**Information**.
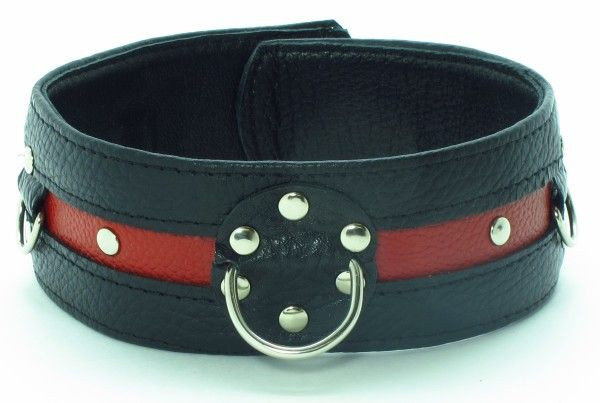 Ошейник черно красный на пряжке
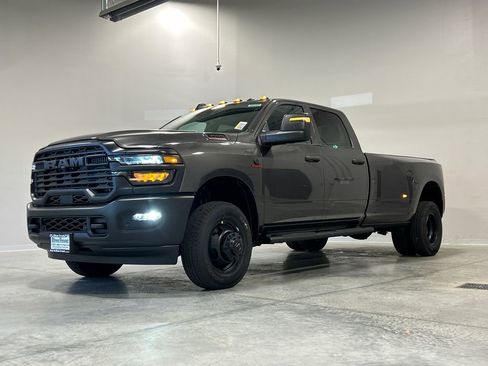 New 2026 RAM 3500 Tradesman image 2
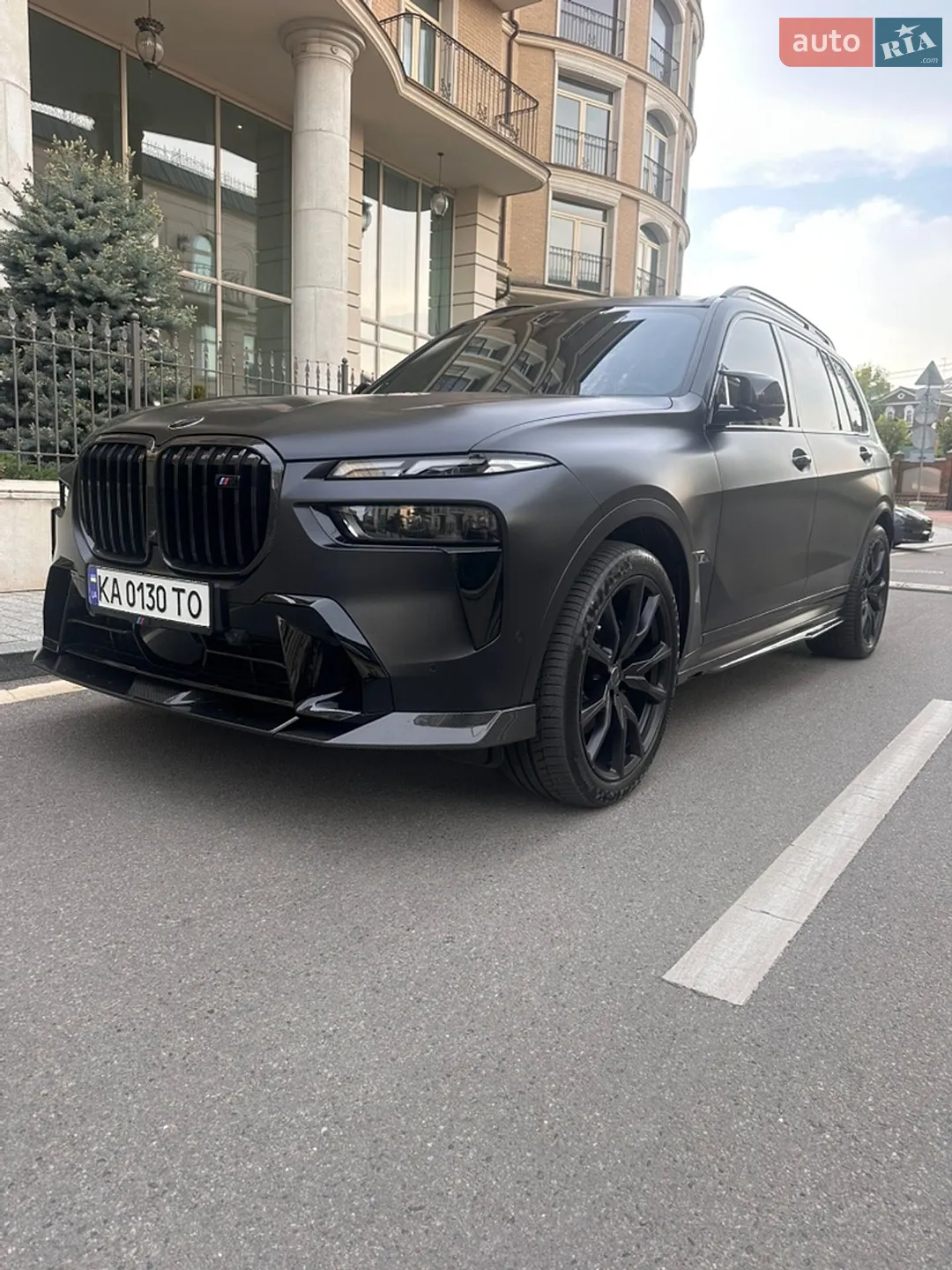 2024 BMW X7 - фото 1
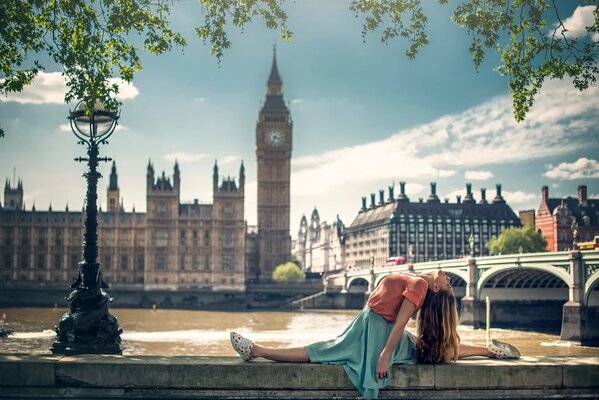 Londra ragazza si siede sulla strada in yoga il suo bene di fronte a lyudmi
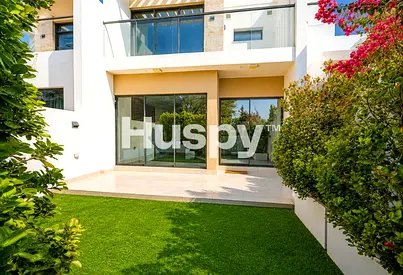Landscaped | Close to Malibu | Vacant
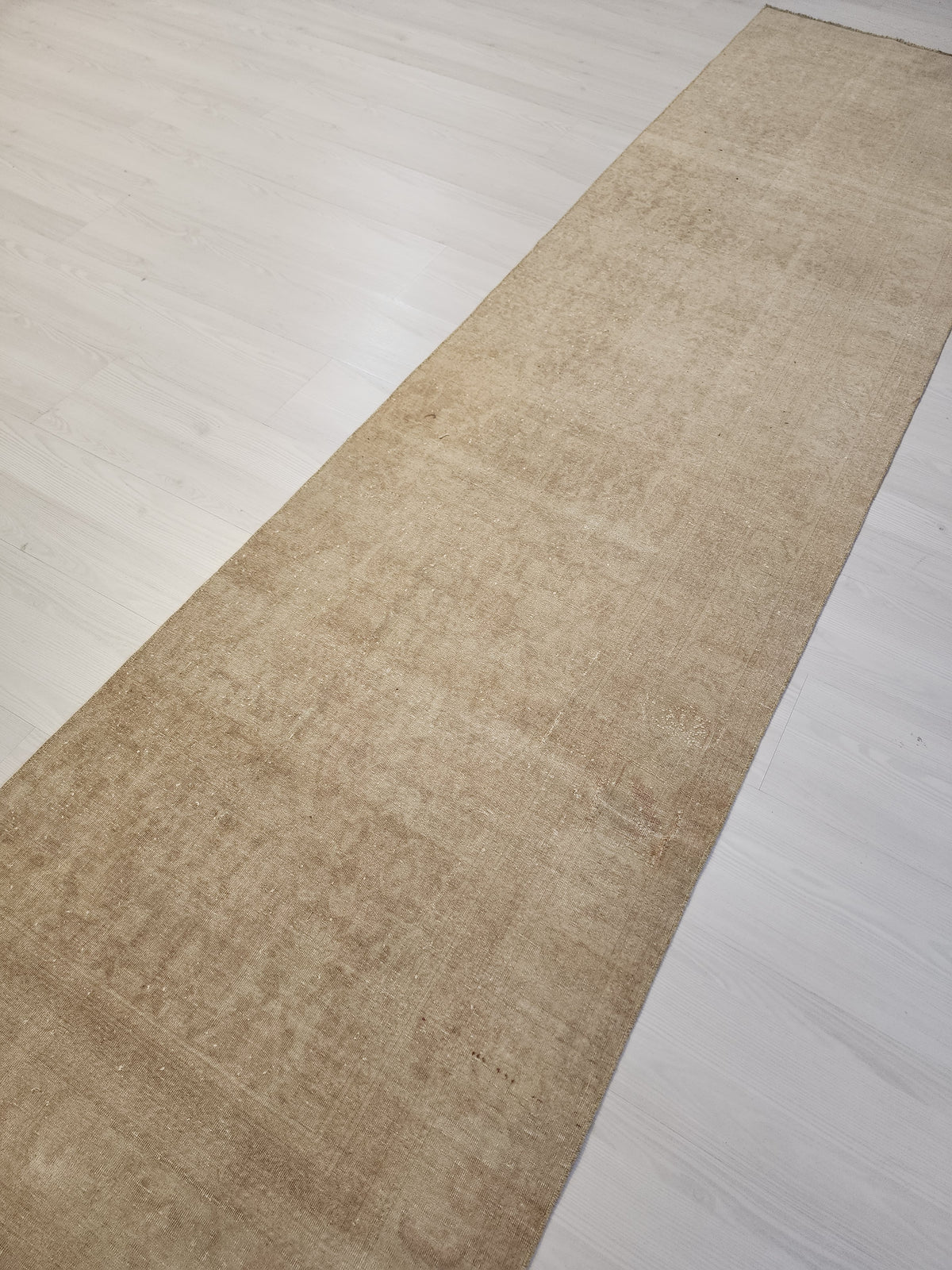 Zawalli — Vintage Turkish Wool Runner Rug, Muted Beige Distressed Anatolian Carpet (85x293cm)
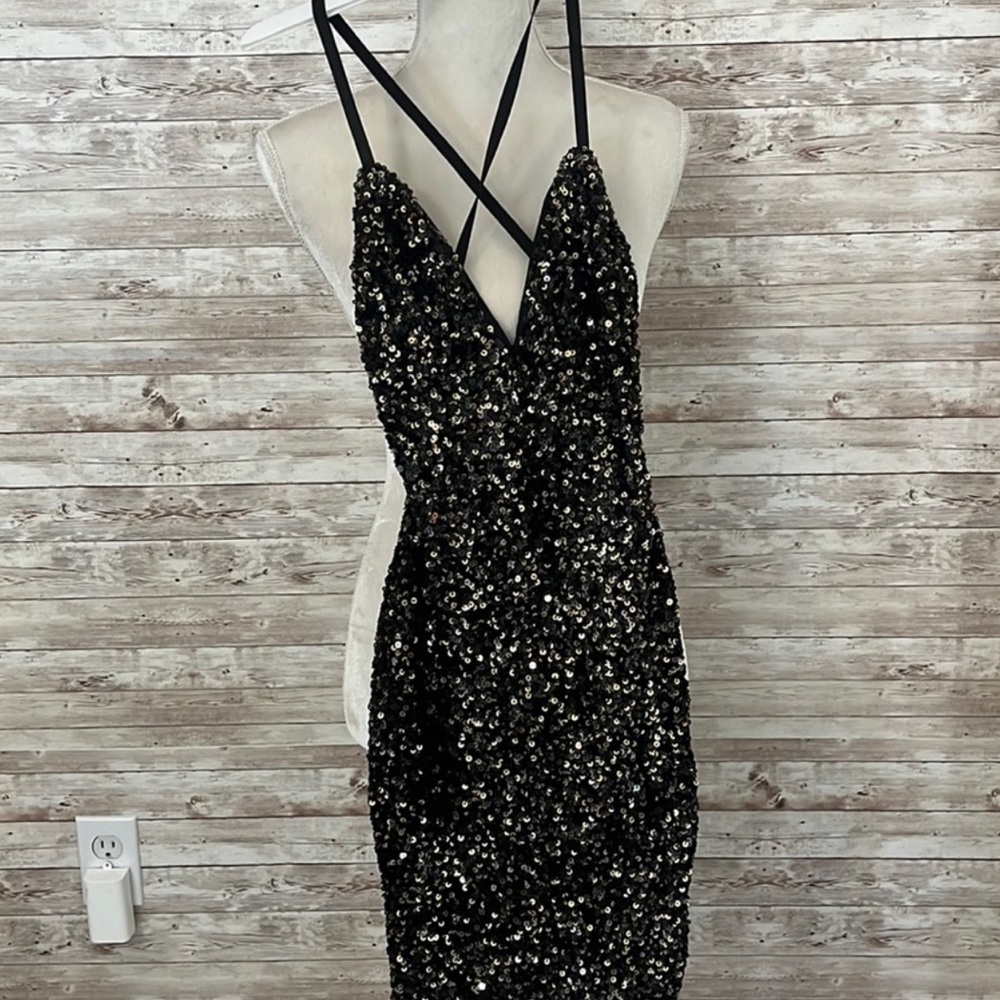 Black and gold brand new sequin strap sdress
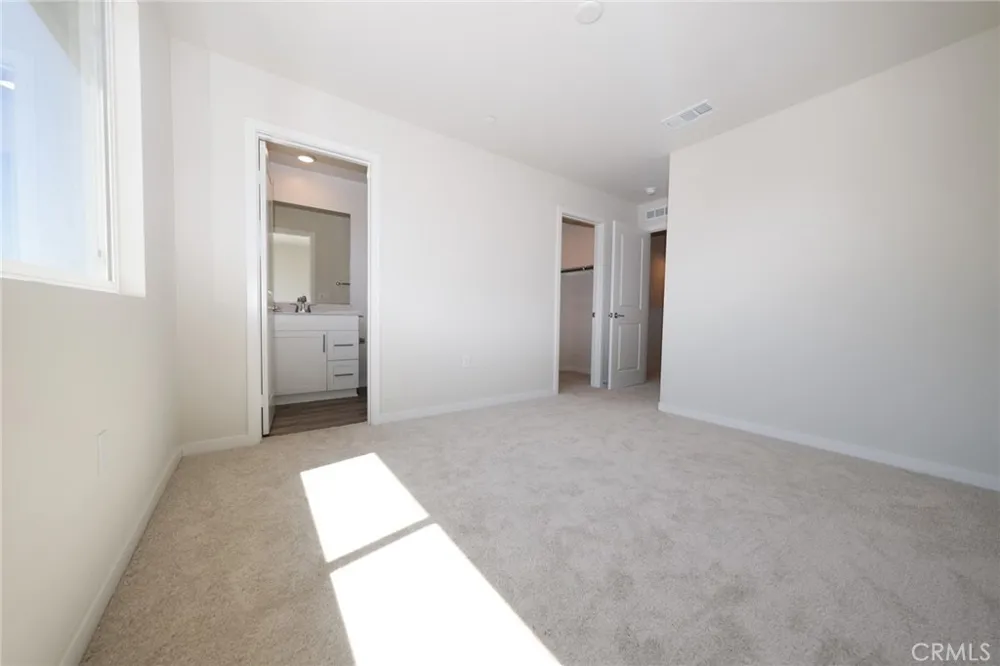 9561 Hannah Way Riverside, CA 92503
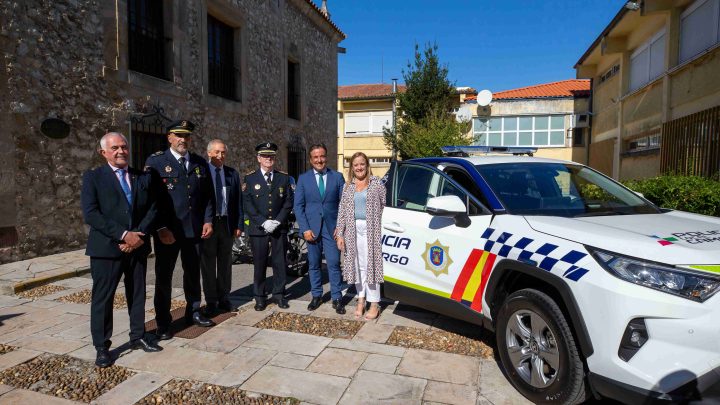 Camargo renueva el parque móvil de la policía local con apoyo de la Consejería de Presidencia y Seguridad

**What you have to do**.
With the pictures left out, copy exactly the lines above from the line containing "Black and gold brand new sequin strap sdress" through the last line of the entries.

**Solution for this problem**.
 Black and gold brand new sequin strap sdress
 9561 Hannah Way Riverside, CA 92503
 Camargo renueva el parque móvil de la policía local con apoyo de la Consejería de Presidencia y Seguridad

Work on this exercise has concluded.